Carnets de commandes à des niveaux historiquement hauts

Margrethe Vestager ne voit pas les choses ainsi. En juillet, elle a ouvert une enquête approfondie, avant d’exprimer aux deux entreprises, fin octobre, ses craintes que cette concentration « ne réduise la concurrence pour la fourniture de plusieurs types de trains et de systèmes de signalisation ». Siemens développe son Velaro de dernière génération et Alstom son Avelia Horizon, le « TGV du futur ».
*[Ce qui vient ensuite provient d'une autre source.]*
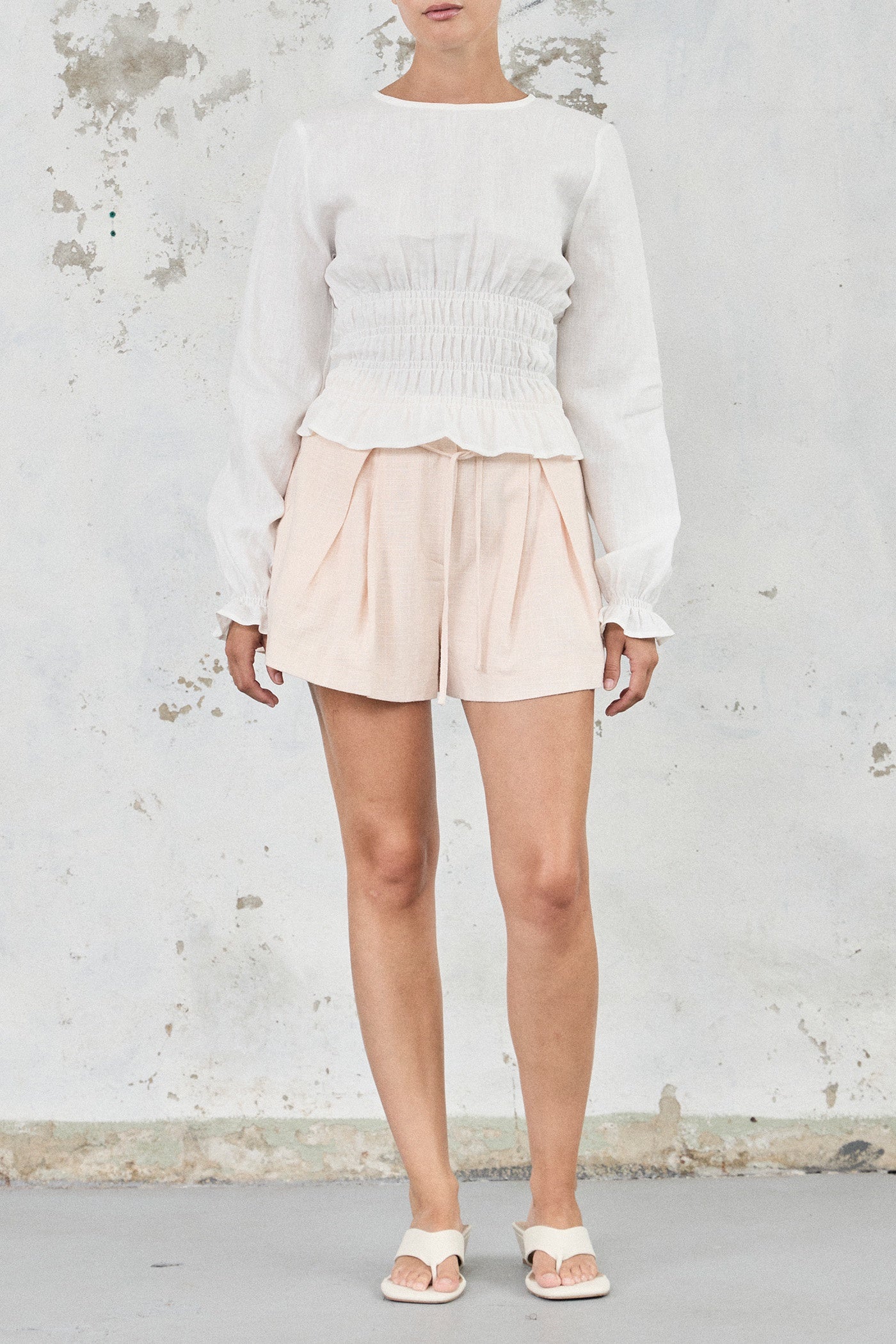 Linen Shirred Top | White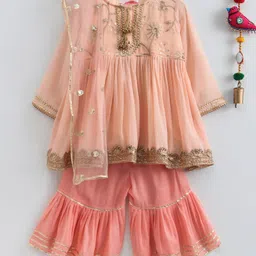 Little Bansi Gota Lace Work Full Sleeves Kurta With Sharara & Dupatta - Peach-picture-16
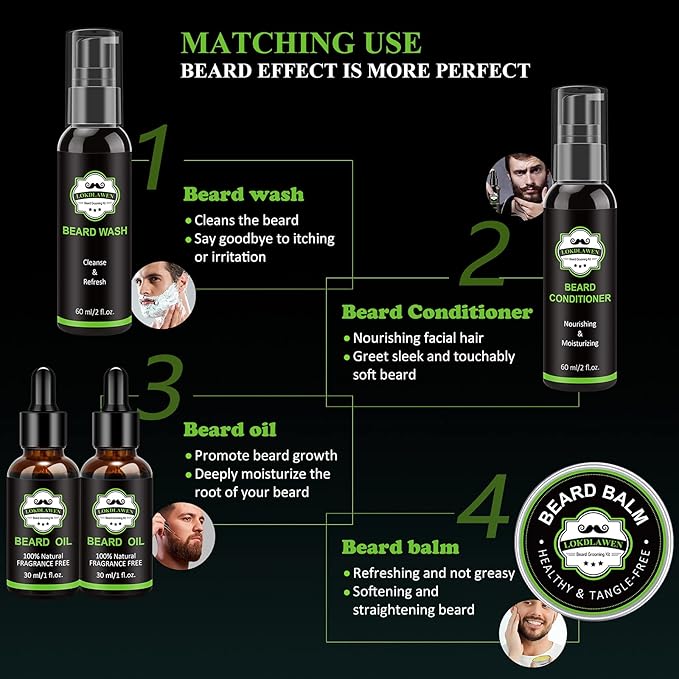 Beard Kit for Men with Beard Wash, Beard Conditioner, Beard Oil, Beard Balm, Brush, Comb, Scissors, Storage Bag, Gifts for Men Dad Husband Boyfriend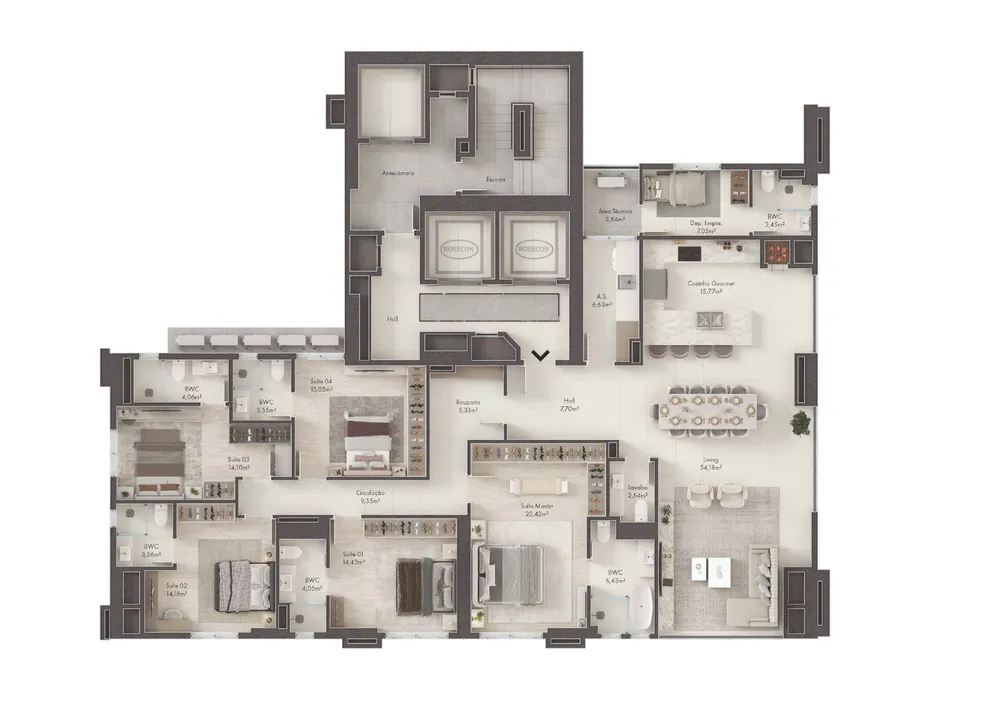 Apartamento, 4 quartos, 185 m² - Foto 7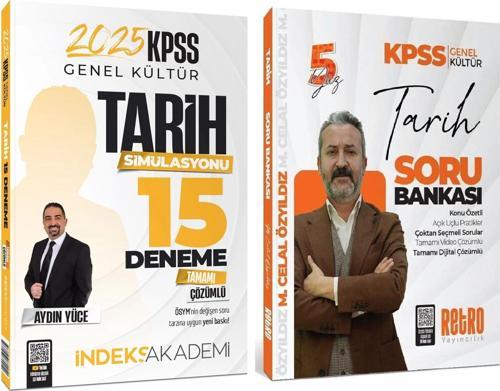 Retro + İndeks 2025 KPSS Tarih 5Yüz Soru Bankası + 15 Deneme 2 li Set - Mehmet Celal Özyıldız Retro + İndeks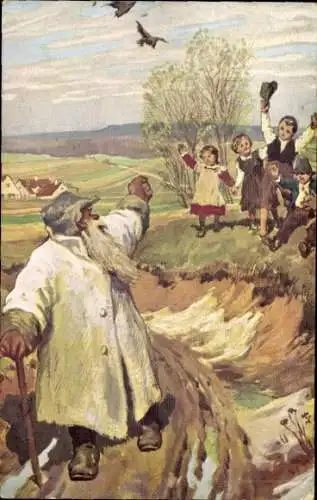 Ak Bischwiller Bischweiler Elsass Bas Rhin, Ein alter Mann mit langem Bart und Stock vertreibt...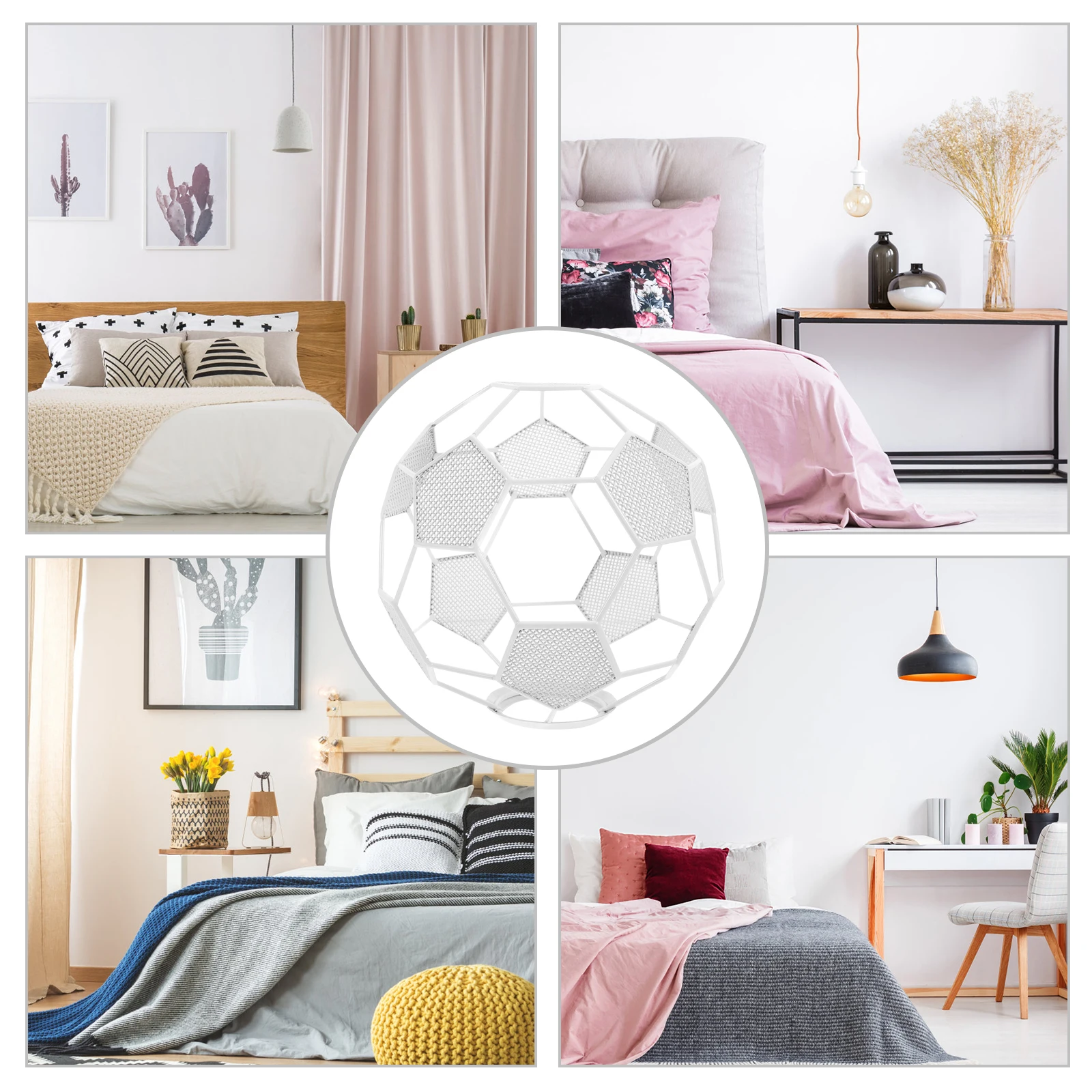 

Soccer Shape Retro Lamp Shade Hollow Out Light Bulb Cover Light Cover Vintage Metal Cage for Pendant Lighting Fixture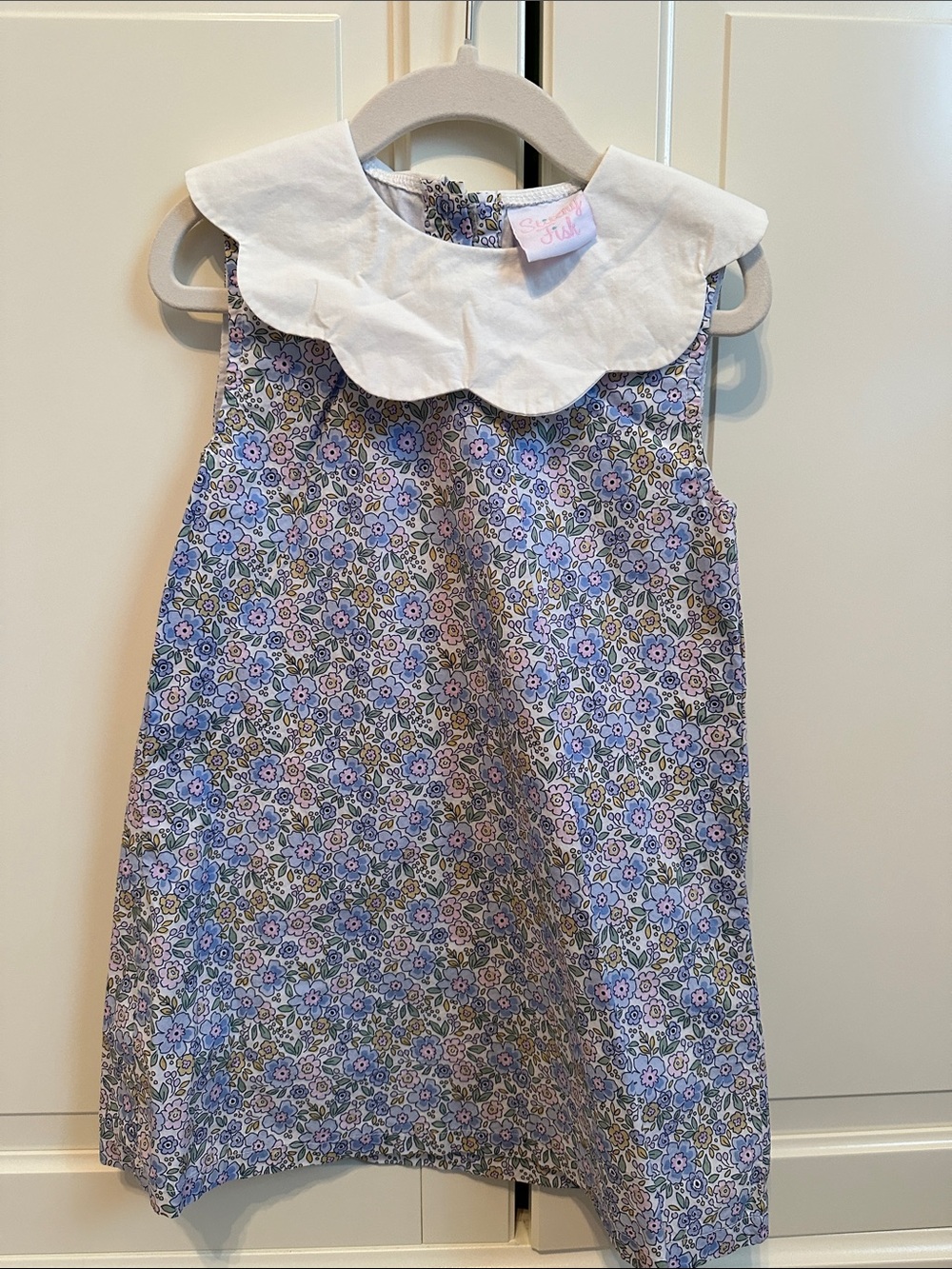 Girls Floral Lavender Dress with White Scalloped Collar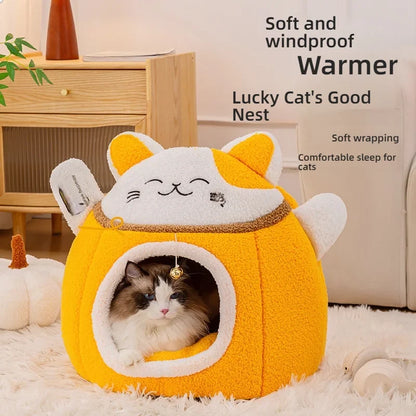 MC THE BLACK DIAMOND Lucky Fortune Cat Pet Bed, winter warm cave-style bed with cozy semi-enclosed design for pets.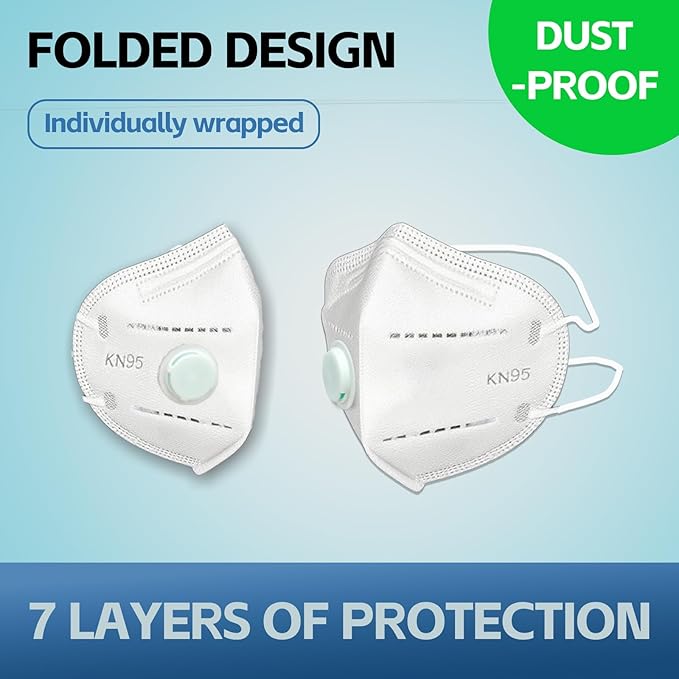 Head Mounted Face Dust Mask 20PCS,7 Layer Breathable Valve Disposable for Protection Construction Sanding Adult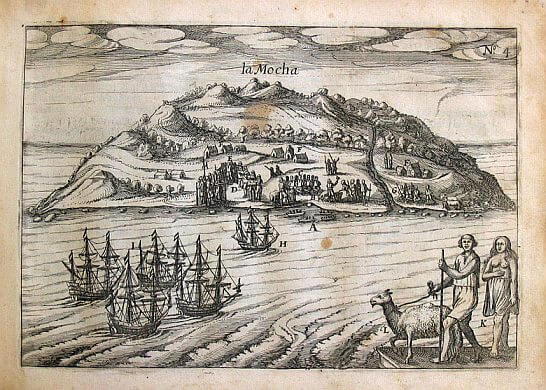 Dibujo que representa las naves de Van Spilbergen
La commissaire à la concurrence juge aussi que CRRC ne sera pas un concurrent sur le Vieux Continent avant de nombreuses années. En revanche, le tandem Alstom-Siemens aura une position dominante en Europe, qui risque de réduire la concurrence, de faire grimper les prix et de freiner l’innovation. Les constructeurs ont en effet face à eux de très nombreux clients pour leurs trains, leurs métros et leurs tramways, et autant de demandes de signalisation adaptée à ces matériels. Un émiettement qui réduit le « pouvoir d’acheteur » de ces clients.

Les doutes d’Alstom et Siemens sur l’acceptation de leur proposition par Bruxelles montrent qu’ils ont intégré l’hypothèse d’un échec de leur fusion. Pour l’heure, un tel scénario n’aurait rien de dramatique. En effet, le bénéfice net d’Alstom sur l’exercice décalé 2017-2018 a atteint 475 millions (+ 64 %) et 563 millions au premier semestre (avril-septembre). Les résultats de Siemens Mobility sont également très solides. Et leurs carnets de commandes sont à des niveaux historiquement hauts. A plus long terme, il n’est sûr pas que deux poids moyens puissent résister à la concurrence du poids lourd chinois.